Adorava últimos dias de coisas em geral: de aula, de
emprego, não importava. Sentia uma incrível sensação de liberdade, pois o final sempre
trazia com ele a promessa de fazer novas todas as coisas. Só não gostava do último dia do ano. Aliás, o
mês de dezembro inteiro já corria meio arrastado, pesaroso, cheio de juras não
cumpridas, projetos inacabados e o mesmo corte de cabelo. Em dezembro sentia o tempo escorrer pelos
dedos. Sentia-se mortal, mais do que nunca. E mesmo que não houvesse trânsito,
sentia sua locomoção limitada e uma falta de circulação no ar.
Nas redes sociais e nas conversas retóricas, a quantidade de
gente que comemorava o ano bom e fazia votos de que o próximo fosse ainda
melhor lhe causava náuseas. Não que fosse descrente da vida, mas não se
lembrava de ter visto tantos sucessos partilhados no virar das páginas do
calendário. Só se lembrava de como aquele tinha sido um ano que em muito havia se esquivado
das resoluções feitas no último janeiro e que, silenciosamente, a
ofendia com a ocorrência de algum fracasso mês ou outro, que, naquela hora, não
competiam de igual para igual com os tantos outros momentos felizes.

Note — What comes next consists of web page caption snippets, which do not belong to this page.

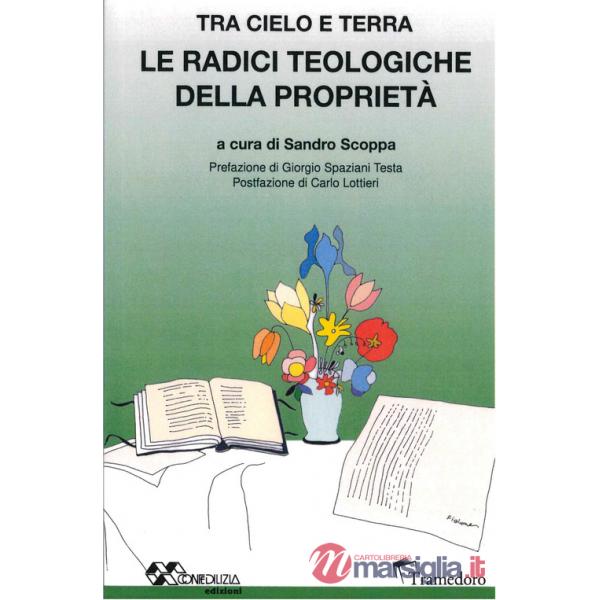 Radici teologiche della proprietà. Tra cielo e terra (Le)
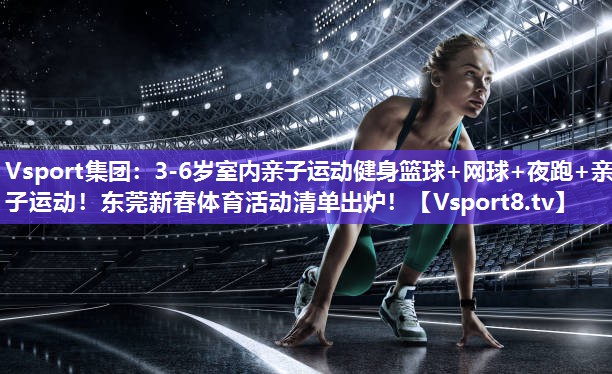 Vsport集团：3-6岁室内亲子运动健身篮球+网球+夜跑+亲子运动！东莞新春体育活动清单出炉！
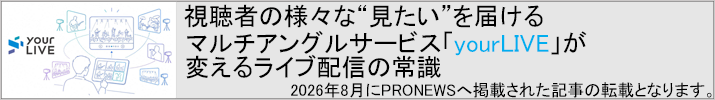 視聴者の様々な”見たい”を届けるマルチアングルサービス「yourLIVE」が変えるライブ配信の常識 ※2026年8月にPRONEWSへ掲載された記事の転載となります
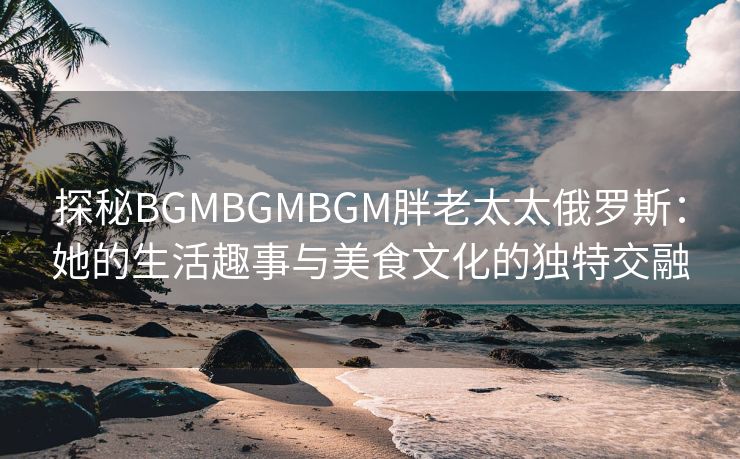 探秘BGMBGMBGM胖老太太俄罗斯：她的生活趣事与美食文化的独特交融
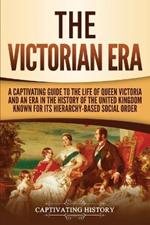 The Victorian Era: A Captivating Guide to the Life of Queen Victoria and an Era in the History of the United Kingdom Known for Its Hierarchy-Based Social Order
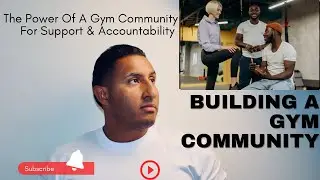 Transform Your Fitness Journey: The Power of Building a Gym Community for Support and Accountability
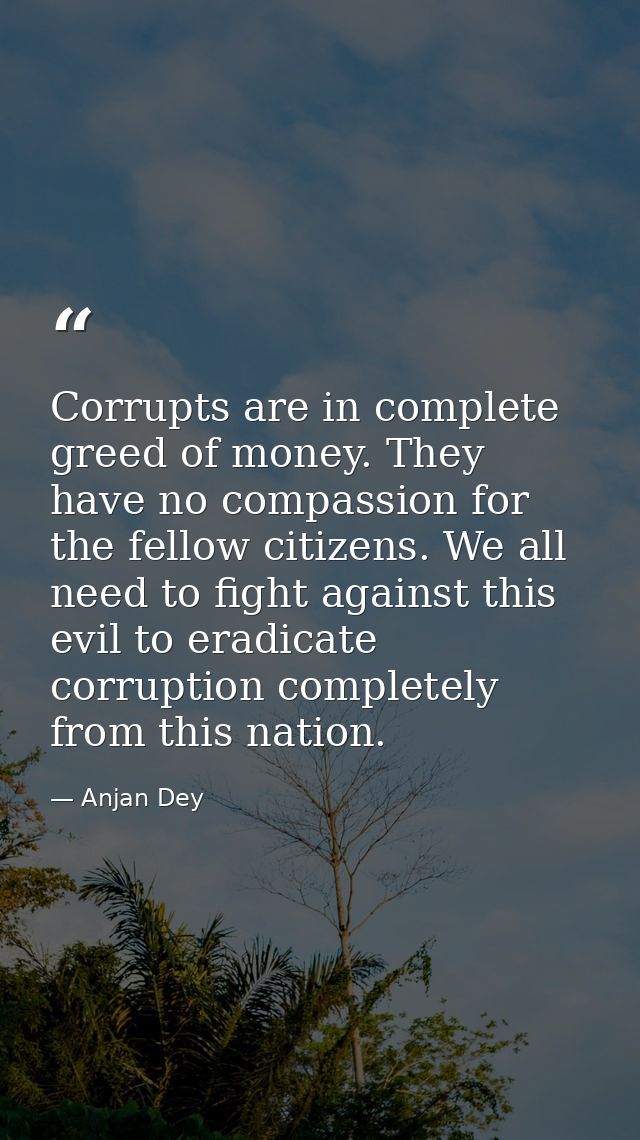 Corrupts are in complete greed of money. They have no compassion for the fellow citizens. We all need to fight against t — Anjan Dey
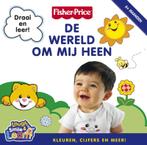 De wereld om mij heen karton boekje / Fisher price A. Barad, Boeken, Verzenden, Gelezen, A. Barad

Enquanto caminhava pela faixa de pedestres, imaginava todas
as promessas que aquelas pessoas estariam fazendo para começar o ano. Alguns
iriam para a academia, outros achariam o grande amor, outros retomariam os
estudos, e alguns teriam filhos. Em algum dia do passado também fizera o mesmo.
Quando chegou ao canteiro central da avenida, ao esperar que
o sinal se fechasse novamente para que terminasse a travessia, viu que ali,
embaixo da árvore do canteiro, um casal de moradores de rua descansava. A expressão
facial deles não condenava nenhuma mentalização de promessas. Ao lado deles, um
carrinho de bebê, todo surrado, aconchegava um cachorro, que certamente não sabia
que no dia seguinte seria ano novo. Talvez se assustasse com os fogos à meia
noite, mas só.
Chegou ao outro lado da rua, pegou o celular e ligou para o
cabeleireiro que a amiga havia sugerido ainda no carnaval. Para hoje ele não tinha
mais horário, mas deixou agendado para o primeiro sábado da semana seguinte; no
ano seguinte. Entrou na farmácia e comprou um esmalte de uma cor que jamais
havia usado antes. Mesmo assim, não fez nenhuma promessa para ter que se
lembrar depois que o sol voltasse a nascer. Só queria que aquele fosse mais um
dia comum, com suas vinte e quatro horas.